Island Park Drive was developed based on a 1903 study by Frederick G. Todd, a Landscape Architect. The study was commissioned by the Ottawa Improvement Commission with the goal of outlining a general comprehensive scheme for the systematic improvement of the city, with focus on future health and happiness of its inhabitants and considering Ottawa’s special status as the Capital of the Dominion of Canada.
Frederick G. Todd took into consideration the city’s expected rapid growth over the decades to follow and recognized that the future of the city depends on ability
to look ahead and plan properly. In order to develop Ottawa, as a capital city, into a city of unusual beauty and attractiveness, he believed that the parks and open spaces should be numerous, and ample boulevards and parkways should skirt the different waterways, as well as connect the principal parks and the different public buildings.
Mr. Todd reviewed the city and its surroundings and designed a comprehensive interconnected network of existing and new parkways, parks and waterways both inside and outside the original city limits.
He recommended to develop a new park near the river, called Chaudière Park, and a parkway that he called Victoria Parkway (current Island Park Drive), that would connect Experimental Farm to this park. Mr. Todd says in his report “…it seems that the desirable route would continue within the Experimental Farm almost to the toll-
gate.
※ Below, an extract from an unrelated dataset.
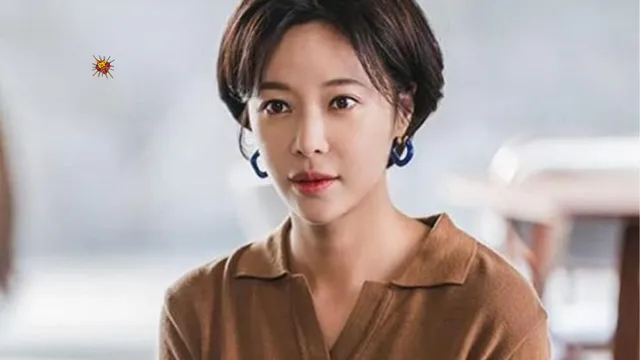 Hwang Jung Eum Reportedly Filing for Divorce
From this point unoccupied land could be taken for the entire distance, crossing near Merivale Avenue through beautiful woods in the rear of Victoria Park, across the Canadian Pacific Railway, through more fine woods, over a high
elevation where the Parliament Buildings are in full view, and where a view is obtained of the distant Laurentian Mountains, across Richmond Road, a little west of the toll gate, and hence by the nearest route to the proposed park.”